Work to be completed ->
Repeat only what runs from the line with "LIFEZEAL Set di" through the last line of the data below, both included, keeping every word as it is and leaving out the pictures.

+ + + +

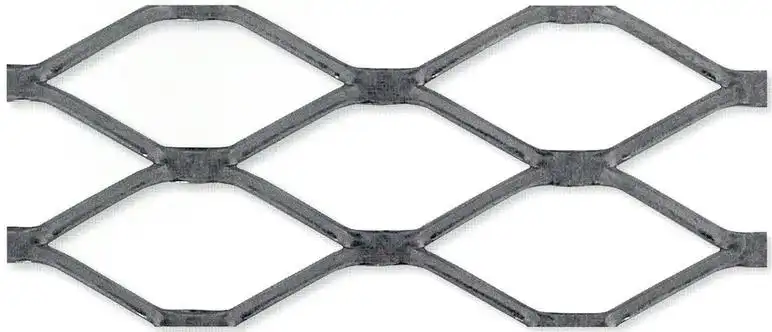 Close-up of a diamond-patterned expanded metal mesh showcasing its durable and strong structure.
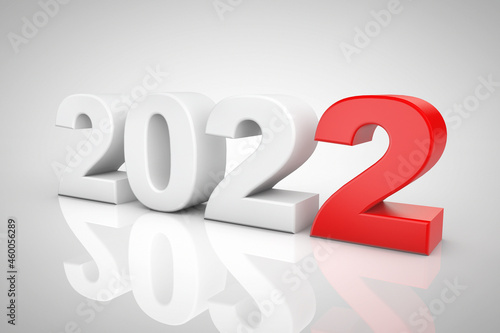 New Year 2022 3d Sign. 3d Rendering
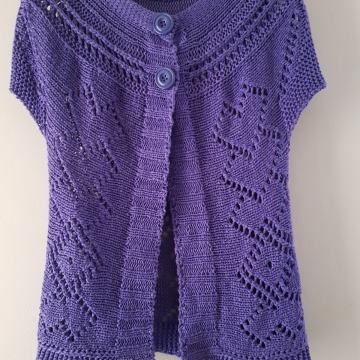 VIJOLČEN PLETEN T ELOVNIK S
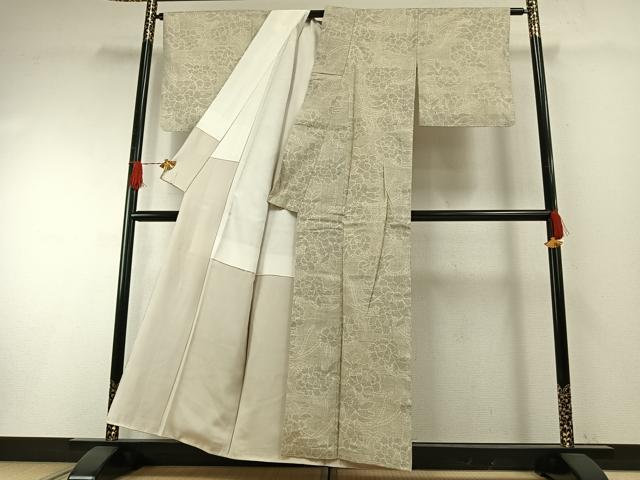 平和屋着物●本場結城紬　重要無形文化財　100亀甲　草花文　正絹　逸品　AABH0913fy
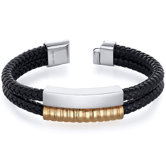 Mens Gold Tone Stainless Steel and Black Woven Bracelet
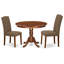 Ensemble de coin-repas 3 pièces pour petits espaces comprenant une table de salle à manger ronde avec piédestal et 2 chaises Parsons en tissu de café noir foncé, acajou-1800375221-1869960862-1869960863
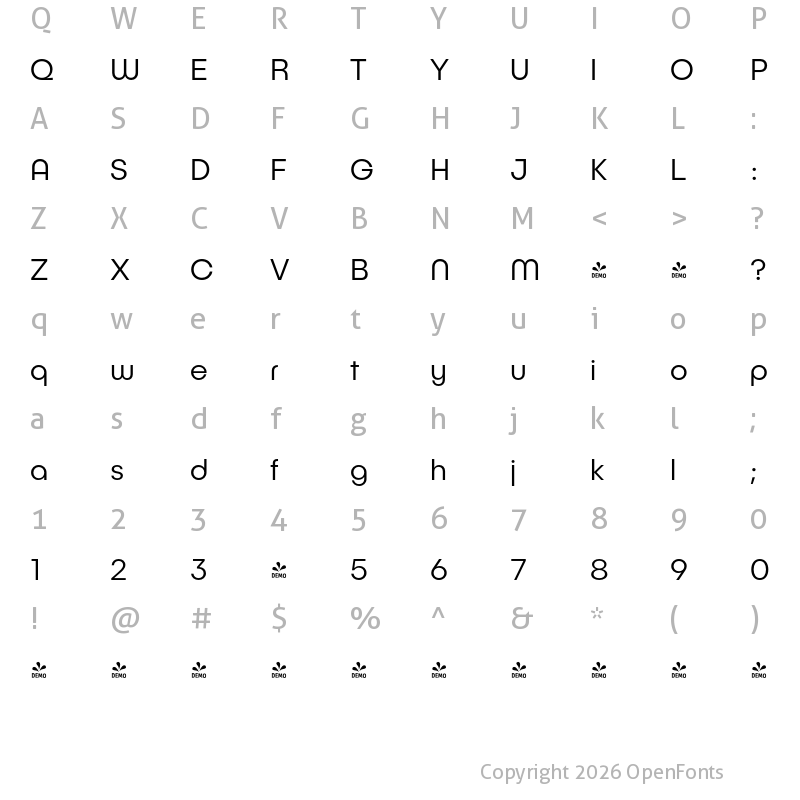 Character Map of FONTSPRING DEMO - Publica Play Light Regular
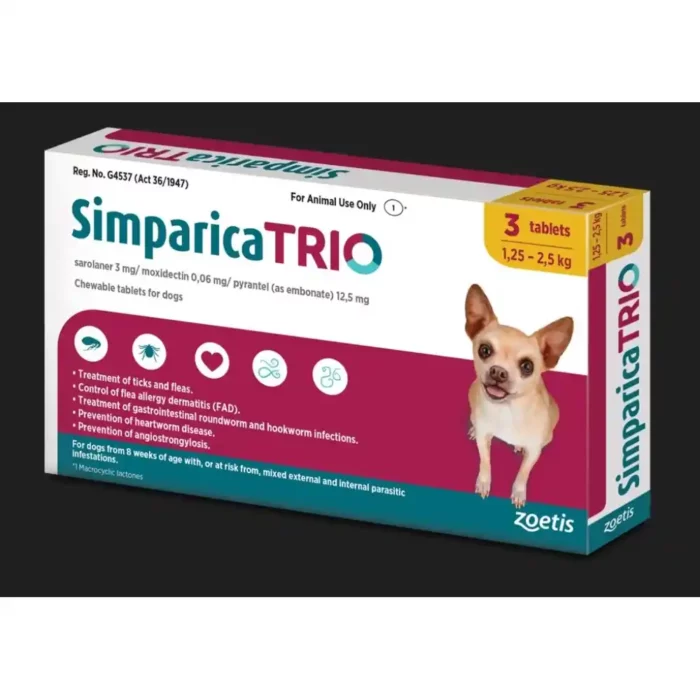 SIMPARICA_TRIO_13kg_-_25kg_3s_GOLD.webp SIMPARICA TRIO 3mg (1.3kg - 2.5kg) 3's GOLD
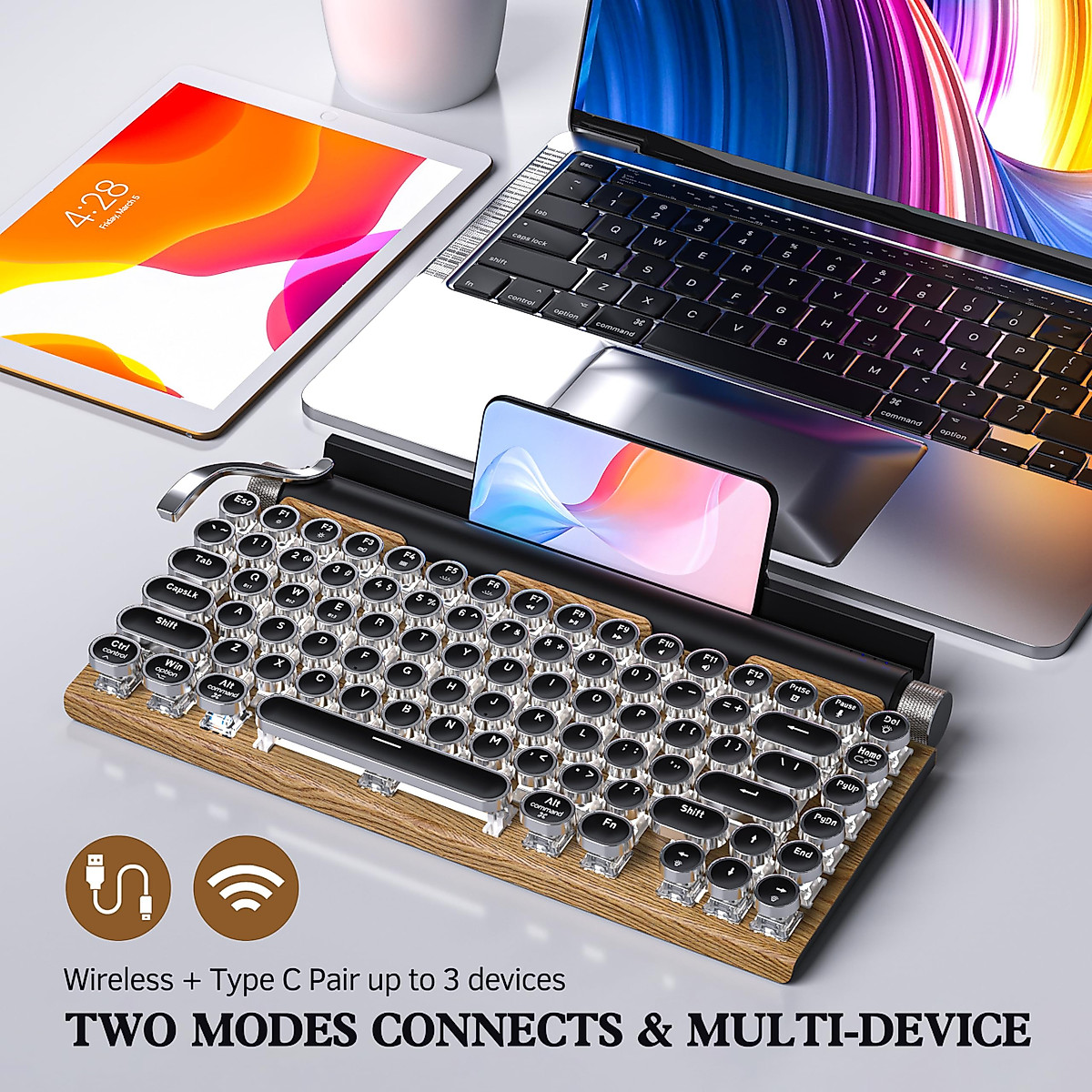Wireless Retro Typewriter Keyboard - Bluetooth Mechanical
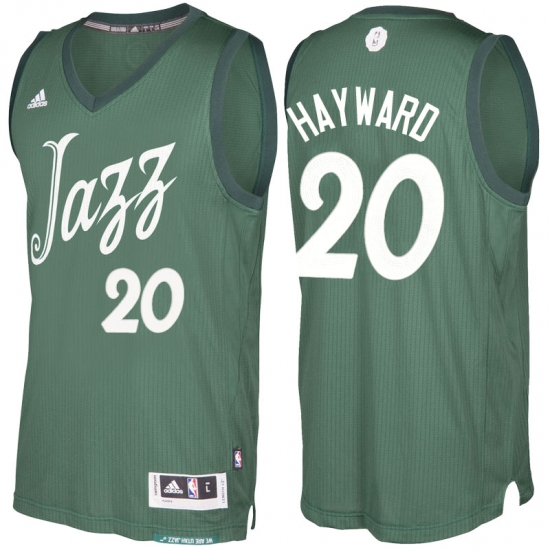 Men's Utah Jazz 20 Gordon Hayward adidas Green 2016-2017 Christmas Day NBA Swingman Jersey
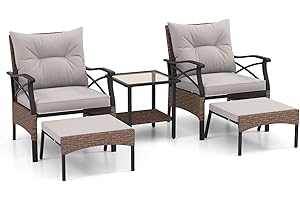LIFEZEAL Set di 5 mobili da giardino da balcone in rattan con pouf, set di mobili da terrazza con cuscino e tavolino, set da 5 pezzi, set da giardino per esterni, per terrazza, balcone, giardino,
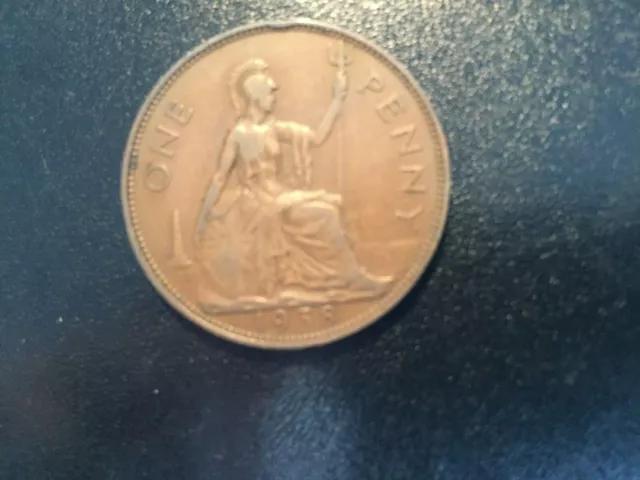 1938 George Vi Copper Penny In Very Fine Grade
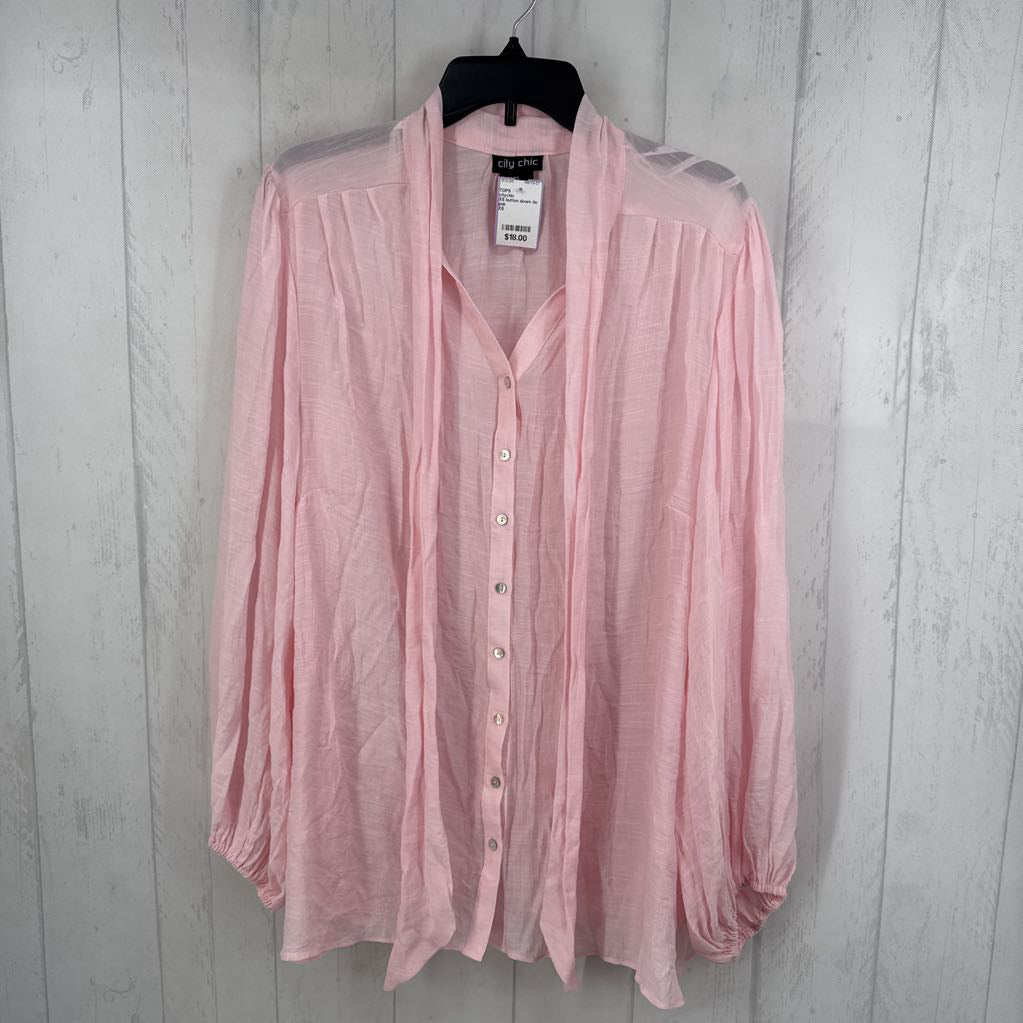 14 button down tie front l/s tunic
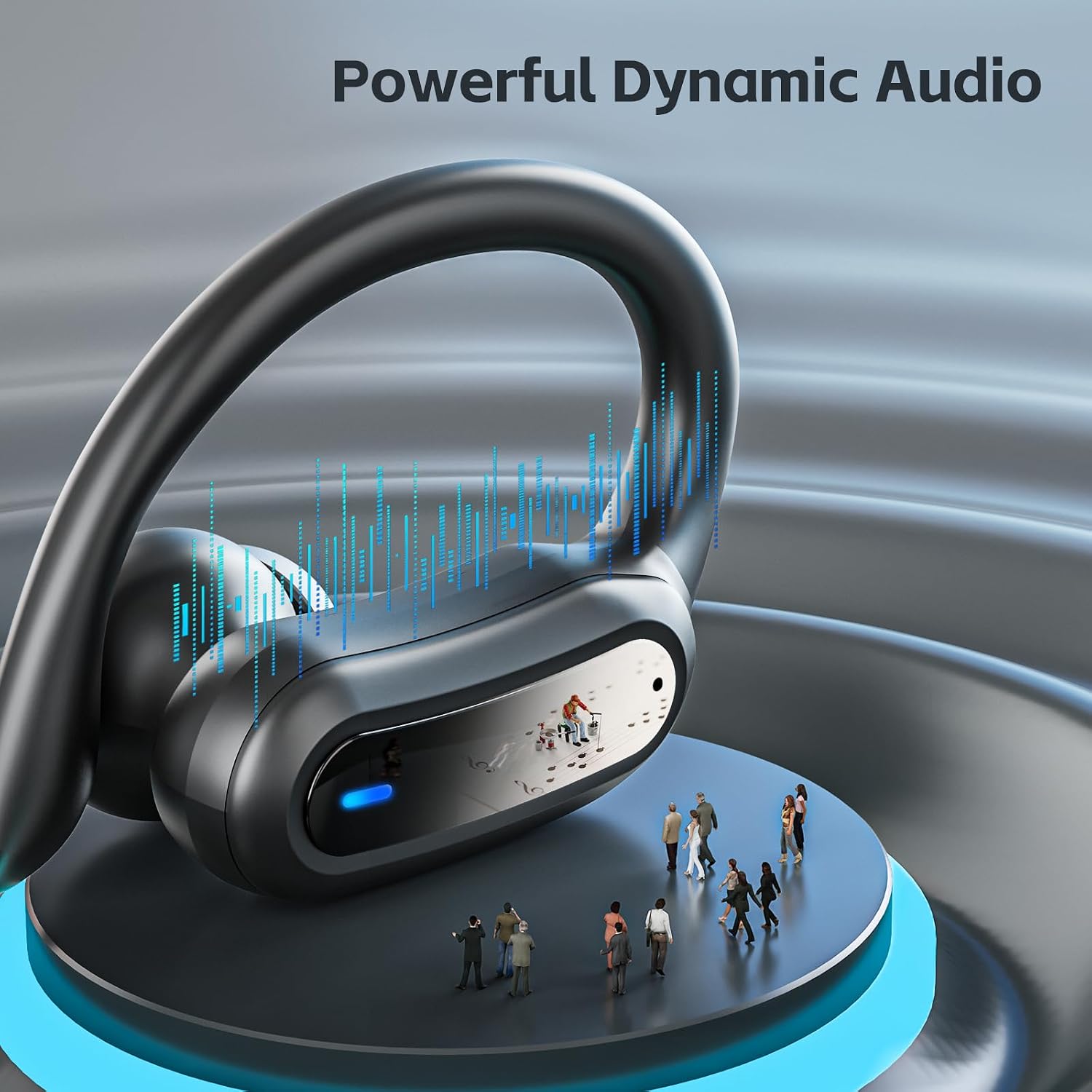 TRAUSI Wireless Bluetooth 5.4 Headphones, Fast Charging Stereo Earphones with Noise Cancelling Mic, IPX7 Waterproof and Comfort Fit Ear Buds for Fitness, Workouts (Black) — image 2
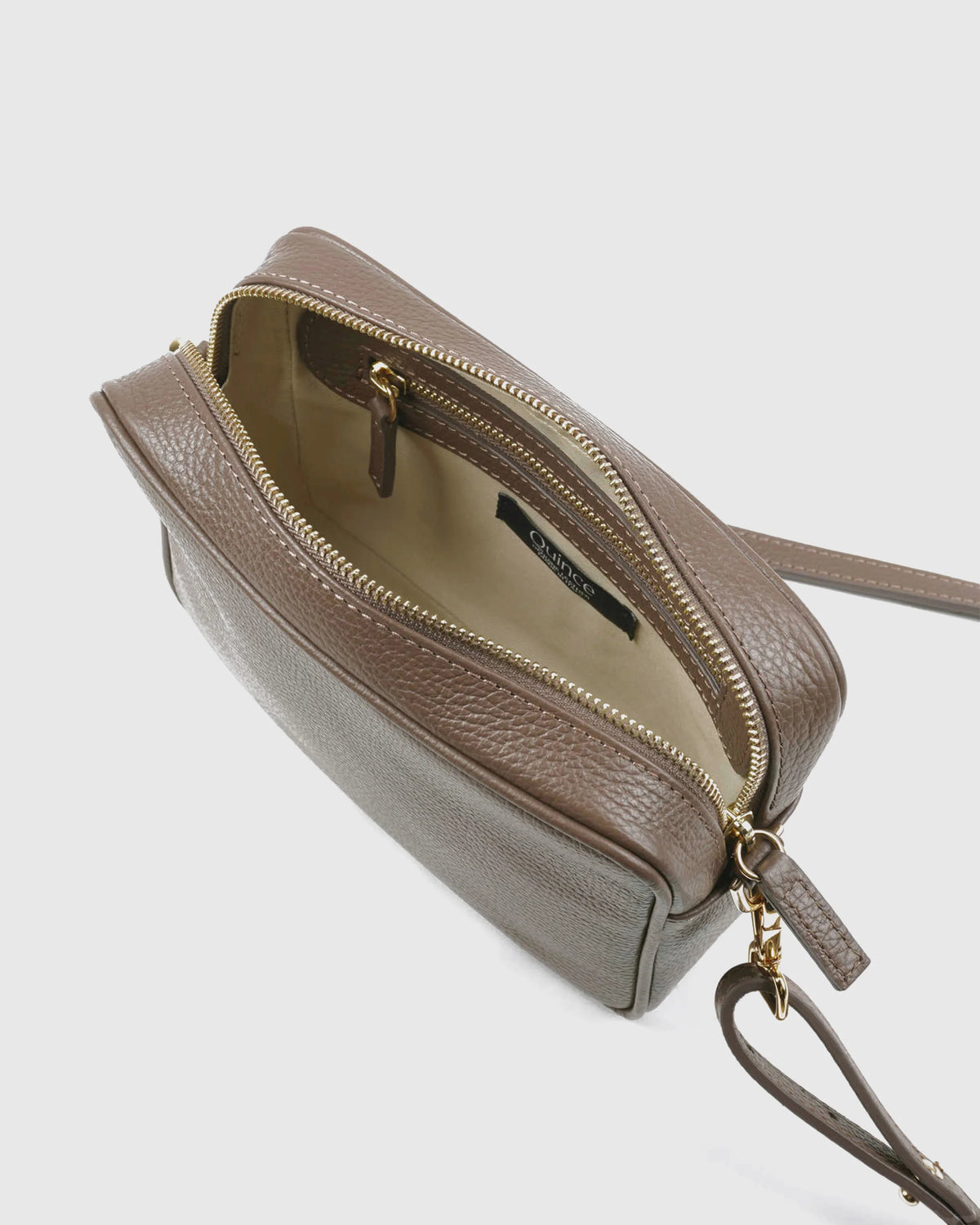 Italian Leather Crossbody Bag - One Size / Black Croco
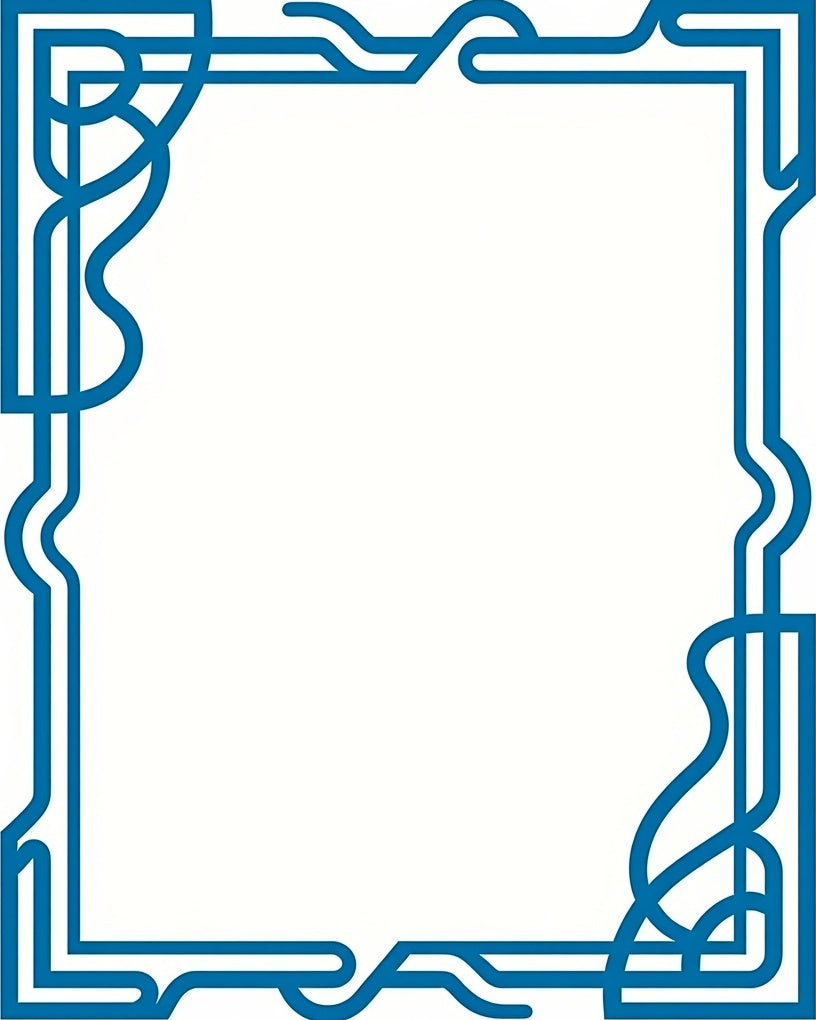 Blue Abstract Swirl Border Rug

+ + + +

Response for this exercise ->
LIFEZEAL Set di 5 mobili da giardino da balcone in rattan con pouf, set di mobili da terrazza con cuscino e tavolino, set da 5 pezzi, set da giardino per esterni, per terrazza, balcone, giardino,
 1938 George Vi Copper Penny In Very Fine Grade
 14 button down tie front l/s tunic
 TRAUSI Wireless Bluetooth 5.4 Headphones, Fast Charging Stereo Earphones with Noise Cancelling Mic, IPX7 Waterproof and Comfort Fit Ear Buds for Fitness, Workouts (Black) — image 2
 Italian Leather Crossbody Bag - One Size / Black Croco
 Blue Abstract Swirl Border Rug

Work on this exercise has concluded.